• What you need to do: When you reach the line containing "Used 2025 Nissan Altima SV Sedan", begin reproducing the material exactly, stop after the line containing "Adam Sandler sumó", and leave out any pictures along the way.

• Data records:
Start of Block

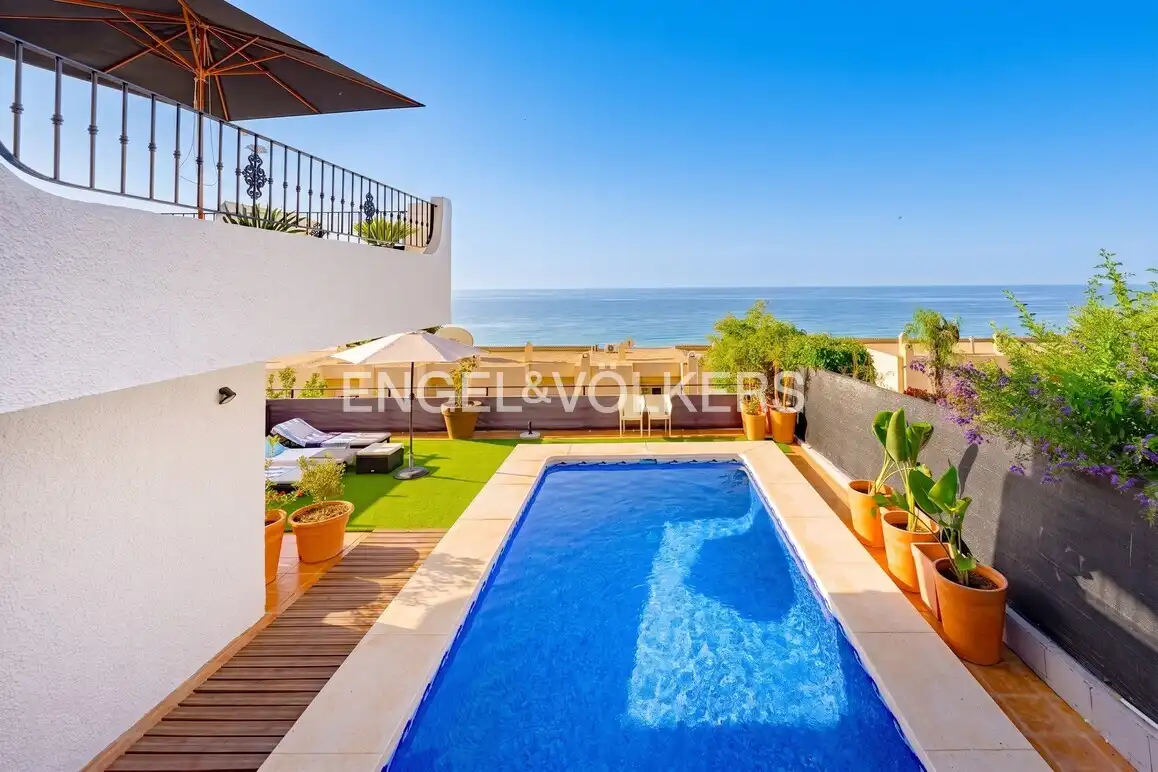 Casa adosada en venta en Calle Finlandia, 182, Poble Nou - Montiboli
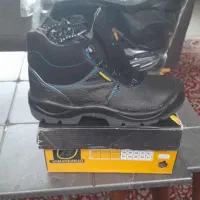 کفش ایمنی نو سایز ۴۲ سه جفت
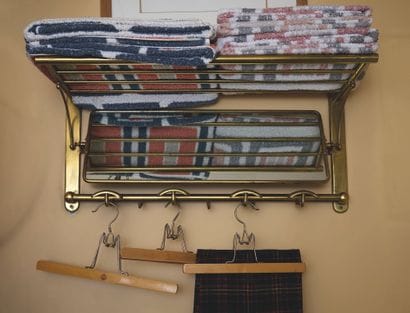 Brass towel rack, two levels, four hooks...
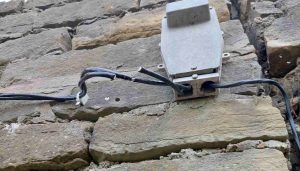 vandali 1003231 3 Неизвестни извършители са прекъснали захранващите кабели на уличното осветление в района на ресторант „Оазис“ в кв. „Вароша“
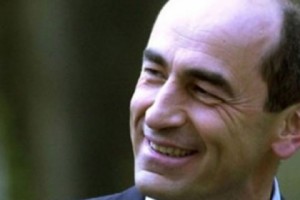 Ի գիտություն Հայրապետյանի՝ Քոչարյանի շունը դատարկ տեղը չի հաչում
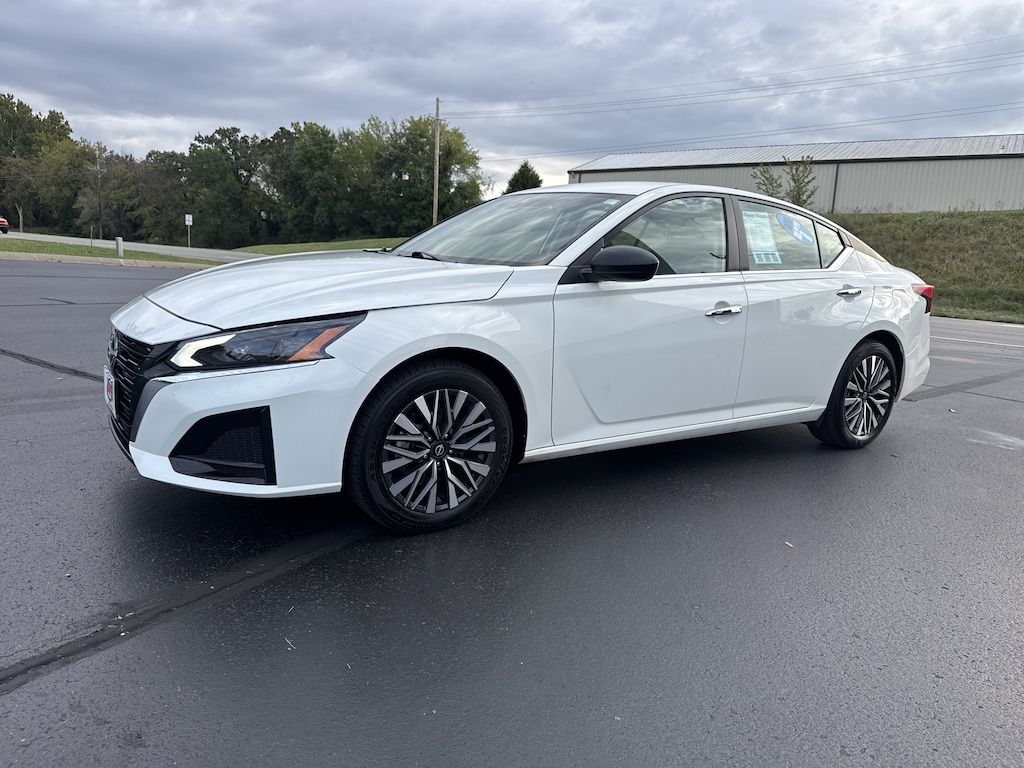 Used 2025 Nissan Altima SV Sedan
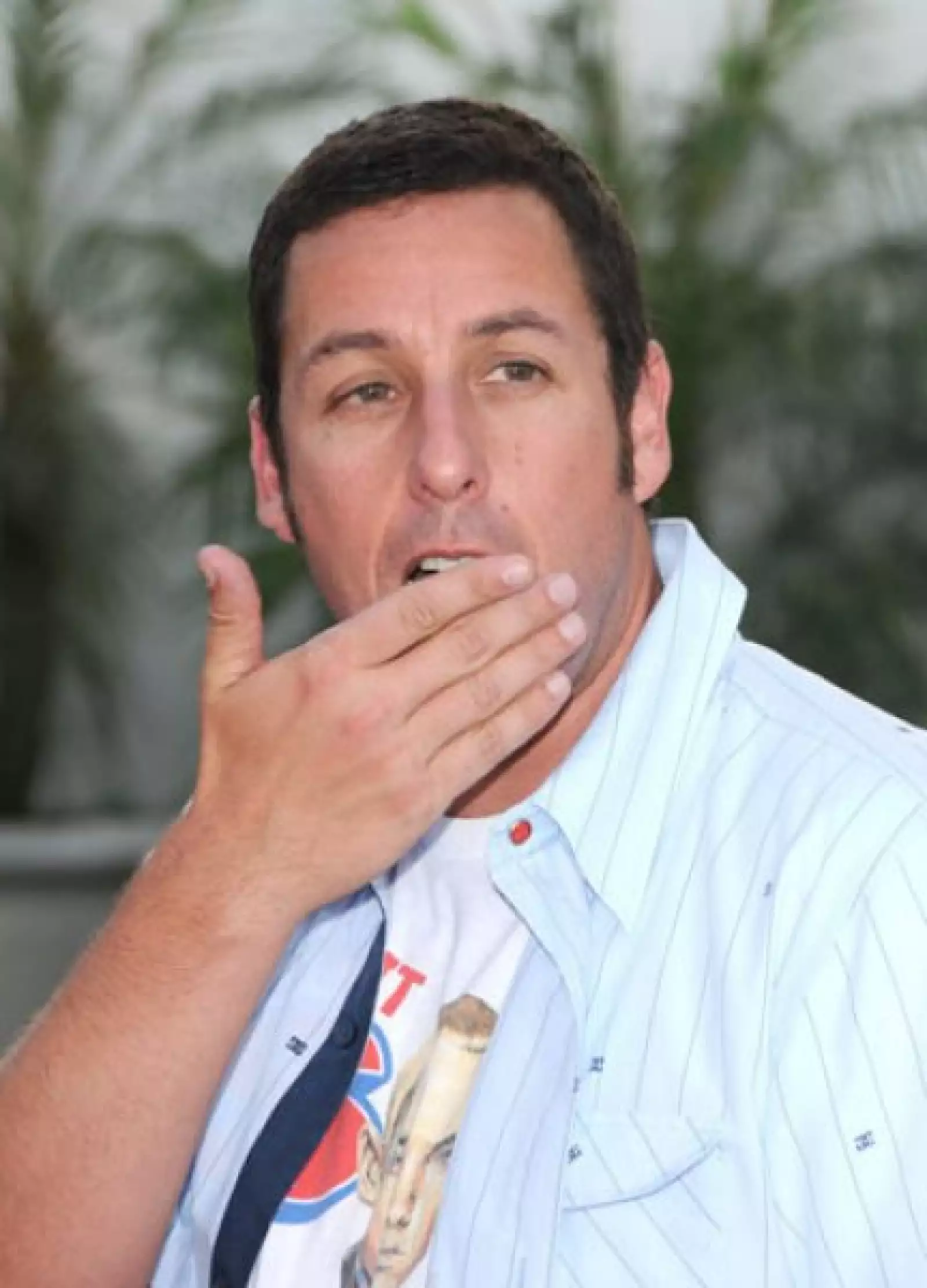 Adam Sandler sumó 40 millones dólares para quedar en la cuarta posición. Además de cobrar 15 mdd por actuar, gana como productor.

End of Block
Start of Block

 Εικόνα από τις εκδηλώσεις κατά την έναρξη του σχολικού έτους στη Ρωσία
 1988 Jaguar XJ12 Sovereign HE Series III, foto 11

End of Block
Start of Block

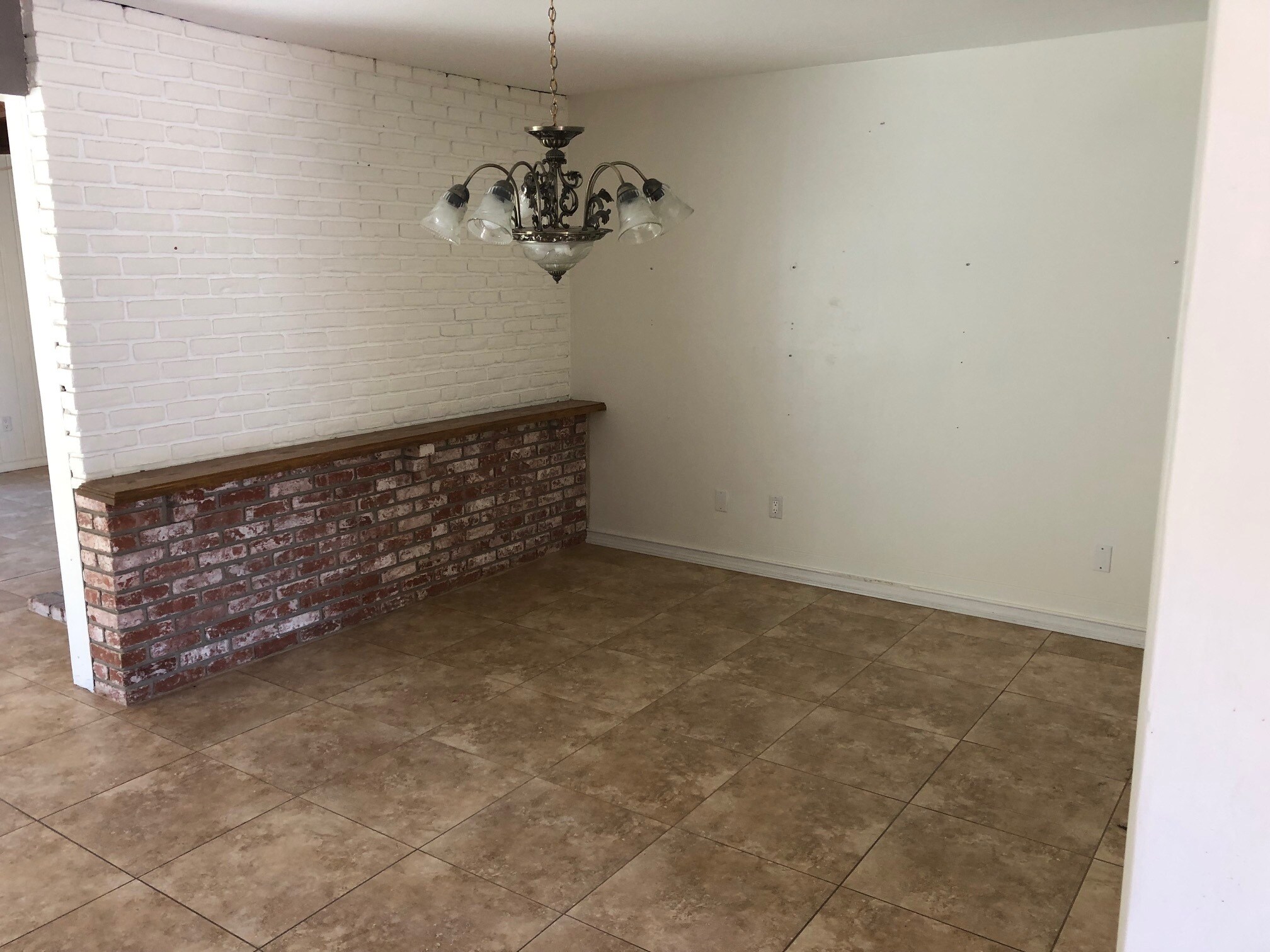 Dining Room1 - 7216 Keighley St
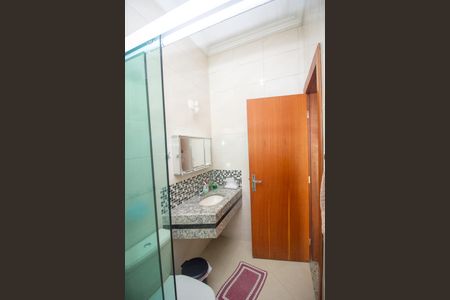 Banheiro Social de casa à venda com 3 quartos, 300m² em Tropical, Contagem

End of Block

• Expected output:
 Used 2025 Nissan Altima SV Sedan
 Adam Sandler sumó 40 millones dólares para quedar en la cuarta posición. Además de cobrar 15 mdd por actuar, gana como productor.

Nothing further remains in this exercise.